Activity —
Go through the records below and show every line with the string "Business".

---------- Data in this exercise ----------

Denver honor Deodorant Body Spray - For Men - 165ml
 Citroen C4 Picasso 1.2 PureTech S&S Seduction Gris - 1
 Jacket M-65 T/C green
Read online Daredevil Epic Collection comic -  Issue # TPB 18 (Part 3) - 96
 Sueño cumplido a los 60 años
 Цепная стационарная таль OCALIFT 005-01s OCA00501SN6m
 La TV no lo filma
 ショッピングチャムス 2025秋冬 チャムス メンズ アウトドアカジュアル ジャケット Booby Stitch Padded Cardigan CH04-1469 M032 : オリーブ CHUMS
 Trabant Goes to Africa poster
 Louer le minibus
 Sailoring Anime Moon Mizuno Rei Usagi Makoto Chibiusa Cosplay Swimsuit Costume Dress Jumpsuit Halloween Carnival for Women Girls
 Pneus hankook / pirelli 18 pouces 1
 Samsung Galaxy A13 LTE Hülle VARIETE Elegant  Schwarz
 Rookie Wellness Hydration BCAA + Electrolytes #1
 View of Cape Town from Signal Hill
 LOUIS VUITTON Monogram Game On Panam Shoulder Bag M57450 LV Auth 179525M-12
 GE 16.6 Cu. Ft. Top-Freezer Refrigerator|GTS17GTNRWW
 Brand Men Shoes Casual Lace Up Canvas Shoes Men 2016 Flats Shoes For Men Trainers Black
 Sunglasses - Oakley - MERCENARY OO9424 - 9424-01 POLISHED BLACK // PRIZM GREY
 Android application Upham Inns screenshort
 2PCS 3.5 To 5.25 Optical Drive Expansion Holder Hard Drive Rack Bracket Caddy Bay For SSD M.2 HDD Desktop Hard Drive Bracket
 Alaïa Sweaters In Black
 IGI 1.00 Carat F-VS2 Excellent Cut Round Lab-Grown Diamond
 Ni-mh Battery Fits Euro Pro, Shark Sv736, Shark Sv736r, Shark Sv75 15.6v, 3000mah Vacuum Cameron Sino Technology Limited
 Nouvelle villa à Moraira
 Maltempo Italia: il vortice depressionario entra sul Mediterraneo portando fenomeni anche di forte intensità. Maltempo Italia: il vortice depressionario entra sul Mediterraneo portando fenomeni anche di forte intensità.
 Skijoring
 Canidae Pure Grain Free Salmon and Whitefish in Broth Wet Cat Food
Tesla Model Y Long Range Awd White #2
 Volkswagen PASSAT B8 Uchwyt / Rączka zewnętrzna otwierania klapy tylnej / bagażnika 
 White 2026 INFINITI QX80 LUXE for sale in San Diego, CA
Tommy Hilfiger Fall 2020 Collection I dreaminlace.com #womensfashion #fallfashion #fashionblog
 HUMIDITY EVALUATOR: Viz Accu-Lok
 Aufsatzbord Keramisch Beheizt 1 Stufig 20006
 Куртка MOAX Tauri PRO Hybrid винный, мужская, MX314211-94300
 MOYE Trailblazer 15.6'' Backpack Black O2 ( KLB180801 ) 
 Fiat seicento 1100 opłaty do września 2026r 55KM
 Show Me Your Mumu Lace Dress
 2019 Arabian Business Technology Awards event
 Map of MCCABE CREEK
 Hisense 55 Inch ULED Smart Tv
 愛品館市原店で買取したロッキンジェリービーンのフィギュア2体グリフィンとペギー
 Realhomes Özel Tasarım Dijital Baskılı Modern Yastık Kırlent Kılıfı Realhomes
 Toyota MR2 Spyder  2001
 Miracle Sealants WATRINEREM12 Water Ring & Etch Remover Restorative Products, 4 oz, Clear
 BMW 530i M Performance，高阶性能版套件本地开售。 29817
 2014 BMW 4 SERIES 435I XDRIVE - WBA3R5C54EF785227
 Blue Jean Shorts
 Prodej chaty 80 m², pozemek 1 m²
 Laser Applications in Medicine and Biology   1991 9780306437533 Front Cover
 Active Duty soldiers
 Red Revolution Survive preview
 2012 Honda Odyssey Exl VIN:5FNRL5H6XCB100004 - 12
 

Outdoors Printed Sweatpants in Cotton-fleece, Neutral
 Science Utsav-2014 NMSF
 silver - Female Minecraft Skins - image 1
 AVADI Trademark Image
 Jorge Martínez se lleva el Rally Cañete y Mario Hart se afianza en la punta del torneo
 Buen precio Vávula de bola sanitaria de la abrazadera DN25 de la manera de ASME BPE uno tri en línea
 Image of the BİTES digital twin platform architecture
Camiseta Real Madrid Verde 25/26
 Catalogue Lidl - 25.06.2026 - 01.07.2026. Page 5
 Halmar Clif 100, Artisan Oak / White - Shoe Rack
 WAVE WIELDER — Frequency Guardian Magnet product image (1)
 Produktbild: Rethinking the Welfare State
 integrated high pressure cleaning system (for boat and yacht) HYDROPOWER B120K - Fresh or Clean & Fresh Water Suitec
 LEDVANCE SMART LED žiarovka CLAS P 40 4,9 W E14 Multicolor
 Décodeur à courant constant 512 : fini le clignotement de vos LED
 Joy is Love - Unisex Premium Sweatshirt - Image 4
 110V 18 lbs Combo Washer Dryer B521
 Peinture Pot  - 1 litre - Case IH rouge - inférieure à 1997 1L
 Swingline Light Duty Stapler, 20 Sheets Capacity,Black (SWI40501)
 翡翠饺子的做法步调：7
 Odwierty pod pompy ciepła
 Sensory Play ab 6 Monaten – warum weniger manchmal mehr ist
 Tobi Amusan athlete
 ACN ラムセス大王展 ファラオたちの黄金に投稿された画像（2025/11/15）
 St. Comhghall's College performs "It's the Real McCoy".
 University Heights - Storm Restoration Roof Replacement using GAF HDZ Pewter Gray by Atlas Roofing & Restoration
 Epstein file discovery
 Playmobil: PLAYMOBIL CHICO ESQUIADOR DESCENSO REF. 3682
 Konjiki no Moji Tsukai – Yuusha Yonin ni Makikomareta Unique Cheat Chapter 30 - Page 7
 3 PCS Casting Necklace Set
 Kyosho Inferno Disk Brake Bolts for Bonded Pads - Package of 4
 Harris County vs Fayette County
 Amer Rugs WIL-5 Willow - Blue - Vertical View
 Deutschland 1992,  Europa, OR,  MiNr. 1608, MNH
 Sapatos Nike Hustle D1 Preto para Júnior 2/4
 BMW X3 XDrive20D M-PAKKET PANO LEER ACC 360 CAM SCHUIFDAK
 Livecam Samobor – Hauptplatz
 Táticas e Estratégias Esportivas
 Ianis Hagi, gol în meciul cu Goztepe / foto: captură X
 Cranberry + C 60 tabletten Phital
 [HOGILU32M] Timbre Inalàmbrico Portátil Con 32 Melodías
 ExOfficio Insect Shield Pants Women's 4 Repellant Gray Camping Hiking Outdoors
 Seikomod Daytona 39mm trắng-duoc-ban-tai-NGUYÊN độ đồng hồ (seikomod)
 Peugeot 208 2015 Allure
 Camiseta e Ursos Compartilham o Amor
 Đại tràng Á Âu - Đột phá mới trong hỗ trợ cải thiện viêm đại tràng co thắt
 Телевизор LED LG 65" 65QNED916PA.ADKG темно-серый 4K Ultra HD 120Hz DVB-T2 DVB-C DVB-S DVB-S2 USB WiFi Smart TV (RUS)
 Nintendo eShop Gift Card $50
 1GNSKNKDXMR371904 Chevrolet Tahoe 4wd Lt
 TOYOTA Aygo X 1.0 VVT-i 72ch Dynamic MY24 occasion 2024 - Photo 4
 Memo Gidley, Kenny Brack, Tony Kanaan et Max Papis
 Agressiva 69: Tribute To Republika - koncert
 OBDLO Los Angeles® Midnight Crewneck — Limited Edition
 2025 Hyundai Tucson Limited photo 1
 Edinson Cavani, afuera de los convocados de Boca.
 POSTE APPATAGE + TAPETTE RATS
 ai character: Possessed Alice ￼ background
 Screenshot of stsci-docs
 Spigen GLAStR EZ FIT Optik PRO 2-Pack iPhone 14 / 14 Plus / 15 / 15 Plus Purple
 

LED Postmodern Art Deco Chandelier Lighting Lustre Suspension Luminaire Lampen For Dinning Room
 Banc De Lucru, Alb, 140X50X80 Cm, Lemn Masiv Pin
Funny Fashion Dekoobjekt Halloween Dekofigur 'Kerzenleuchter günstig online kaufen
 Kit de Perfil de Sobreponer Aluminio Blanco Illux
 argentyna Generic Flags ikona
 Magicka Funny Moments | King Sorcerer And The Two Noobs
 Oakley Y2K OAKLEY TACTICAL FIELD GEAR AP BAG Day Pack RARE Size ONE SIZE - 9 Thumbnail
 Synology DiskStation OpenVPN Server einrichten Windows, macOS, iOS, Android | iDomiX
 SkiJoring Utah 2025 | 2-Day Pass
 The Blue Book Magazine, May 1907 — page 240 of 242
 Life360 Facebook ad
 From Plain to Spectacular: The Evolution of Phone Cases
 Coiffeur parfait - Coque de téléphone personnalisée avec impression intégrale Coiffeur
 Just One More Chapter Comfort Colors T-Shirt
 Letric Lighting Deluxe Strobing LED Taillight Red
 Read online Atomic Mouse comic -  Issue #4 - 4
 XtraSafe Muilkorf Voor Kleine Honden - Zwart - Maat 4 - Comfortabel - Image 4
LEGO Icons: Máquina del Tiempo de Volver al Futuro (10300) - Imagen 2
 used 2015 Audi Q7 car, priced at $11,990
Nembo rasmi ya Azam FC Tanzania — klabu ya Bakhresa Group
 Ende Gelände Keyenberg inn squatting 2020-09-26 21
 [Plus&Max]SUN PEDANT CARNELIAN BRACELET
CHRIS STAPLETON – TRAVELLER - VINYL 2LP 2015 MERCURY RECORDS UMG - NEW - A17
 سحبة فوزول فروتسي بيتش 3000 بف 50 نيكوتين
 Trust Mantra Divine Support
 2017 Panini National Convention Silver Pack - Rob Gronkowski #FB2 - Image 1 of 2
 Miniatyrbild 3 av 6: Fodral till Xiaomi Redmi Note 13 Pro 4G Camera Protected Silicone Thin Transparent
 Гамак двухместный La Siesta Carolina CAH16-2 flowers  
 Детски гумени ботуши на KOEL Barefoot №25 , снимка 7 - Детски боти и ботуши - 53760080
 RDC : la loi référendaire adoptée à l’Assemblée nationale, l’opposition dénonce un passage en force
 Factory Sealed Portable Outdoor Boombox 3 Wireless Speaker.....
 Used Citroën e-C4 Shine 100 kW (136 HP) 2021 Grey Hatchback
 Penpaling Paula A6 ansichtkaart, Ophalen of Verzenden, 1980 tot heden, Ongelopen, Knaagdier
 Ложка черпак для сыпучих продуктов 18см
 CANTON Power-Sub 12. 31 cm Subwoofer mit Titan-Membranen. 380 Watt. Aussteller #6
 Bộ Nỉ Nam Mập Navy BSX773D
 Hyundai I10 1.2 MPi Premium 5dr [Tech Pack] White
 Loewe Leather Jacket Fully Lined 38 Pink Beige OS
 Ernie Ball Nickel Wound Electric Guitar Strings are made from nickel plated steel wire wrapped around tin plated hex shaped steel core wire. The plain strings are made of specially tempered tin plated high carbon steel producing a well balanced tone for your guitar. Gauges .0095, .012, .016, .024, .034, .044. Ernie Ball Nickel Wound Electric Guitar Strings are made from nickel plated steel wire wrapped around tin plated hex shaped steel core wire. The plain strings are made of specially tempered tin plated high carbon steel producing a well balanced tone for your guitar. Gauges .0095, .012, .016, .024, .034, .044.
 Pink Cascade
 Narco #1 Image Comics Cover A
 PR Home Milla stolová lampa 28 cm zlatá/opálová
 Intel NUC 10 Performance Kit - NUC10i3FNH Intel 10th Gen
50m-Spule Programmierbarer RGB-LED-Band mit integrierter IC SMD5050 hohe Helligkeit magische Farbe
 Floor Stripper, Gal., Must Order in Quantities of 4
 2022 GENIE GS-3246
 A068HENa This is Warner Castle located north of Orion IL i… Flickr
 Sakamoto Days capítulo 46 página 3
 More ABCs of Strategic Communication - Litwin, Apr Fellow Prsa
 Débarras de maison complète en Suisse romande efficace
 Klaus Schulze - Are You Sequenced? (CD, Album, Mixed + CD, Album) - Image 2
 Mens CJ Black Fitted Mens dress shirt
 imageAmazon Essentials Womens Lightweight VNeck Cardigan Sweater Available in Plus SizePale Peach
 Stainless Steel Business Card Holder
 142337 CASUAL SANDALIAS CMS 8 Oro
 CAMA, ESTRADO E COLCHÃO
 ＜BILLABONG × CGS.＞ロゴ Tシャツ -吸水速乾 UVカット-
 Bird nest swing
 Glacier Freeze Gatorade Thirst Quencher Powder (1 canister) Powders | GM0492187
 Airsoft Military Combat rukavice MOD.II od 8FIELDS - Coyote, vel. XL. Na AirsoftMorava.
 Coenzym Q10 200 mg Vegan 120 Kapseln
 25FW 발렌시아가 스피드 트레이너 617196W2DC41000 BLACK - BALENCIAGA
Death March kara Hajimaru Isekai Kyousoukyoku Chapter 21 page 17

----------

Task answer —
 2019 Arabian Business Technology Awards event
 Stainless Steel Business Card Holder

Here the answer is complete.